Phosphatidylinositol 4-kinase 2-alpha (PI4K2A) is the most abundant phosphatidylinositol 4-kinase in human cells and is responsible for the synthesis of approximately 50% of the total PI4P within the cell. PI4K2A is associated mainly with the membranes of the trans Golgi network and early and late endosomes; its membrane association is achieved by a heavy palmitoylation within a specific cysteine-rich motif. Besides the synthesis of phosphatidylinositol 4,5-bisphosphate, PI4K2A is involved in various cell processes including membrane trafficking, regulation of endosomal sorting promoting target protein recruitment to endosomes or trans Golgi network, or signal transduction. Particularly, it regulates e.g. targeting of clathrin adaptor complexes to the Golgi apparatus, EGFR signaling, or the Wnt signaling pathway.

PI4K2A is important in lysosomal quality control. It is the first essential enzyme of the phosphoinositide-initiated membrane tethering and lipid transport (PITT) pathway for rapid lysosomal repair. Upon lysosomal membrane damage, PI4K2A is strongly recruited to lysosomes, leading to robust lysosomal PI4P production. Such lysosomal PI4K2A/PI4P signaling drives rapid lysosomal repair through extensive membrane contacts between the endoplasmic reticulum (ER) and damaged lysosomes as well as multiple ER-to-lysosomal lipid transfer processes.
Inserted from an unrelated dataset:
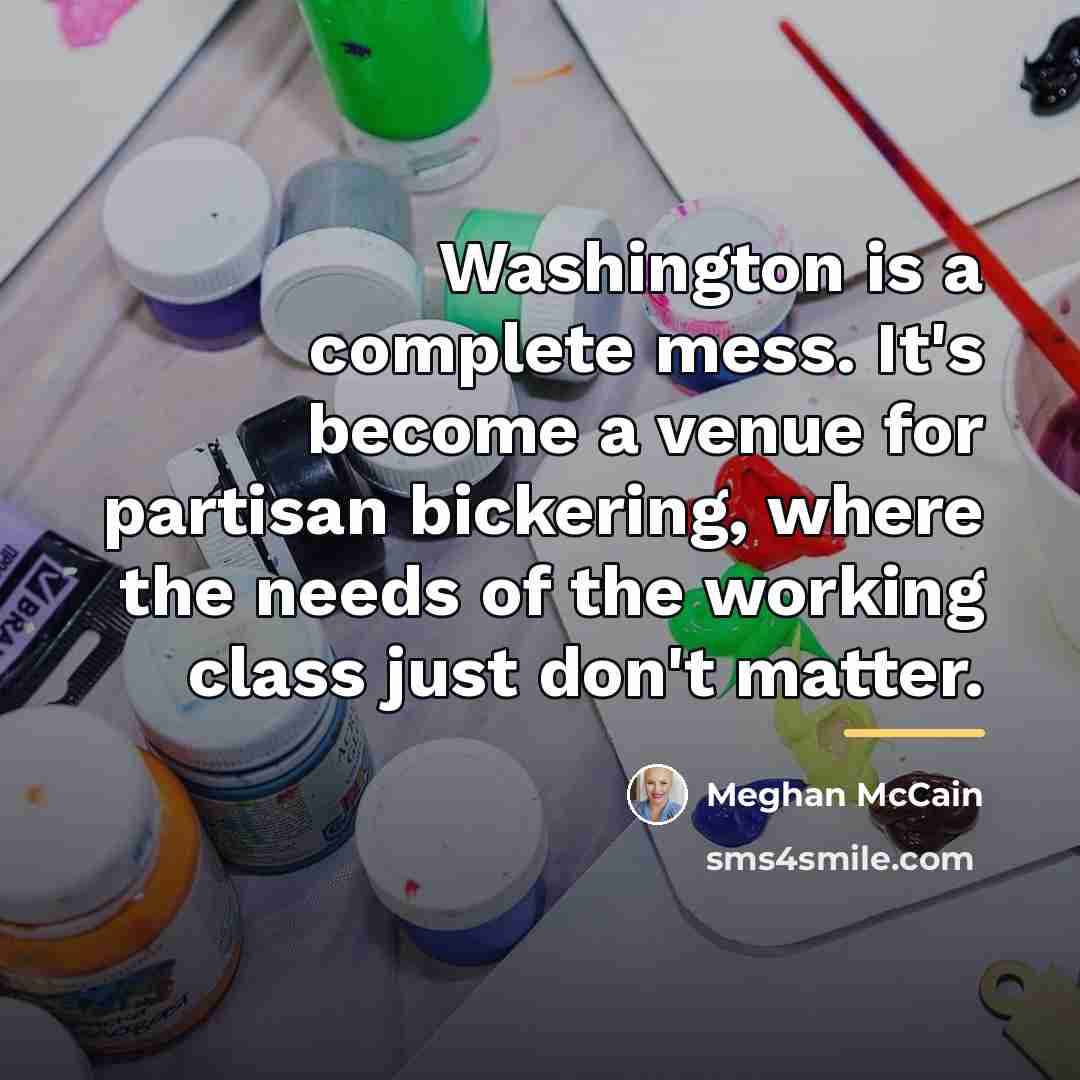 “Washington is a complete mess. It's become a venue for…” quote by Meghan McCain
Pi4k2a gene trap mouse show pre-mature aging and neurodegeneration, with increased lipofuscin accumulation. PI4K2A-deleted patients have complex and severe developmental problems along with neurodegeneration.

== Clinical significance ==

Dysfunction of PI4K2A may contribute to tumour growth, spastic paraplegia, Gaucher's disease, or Alzheimer's disease.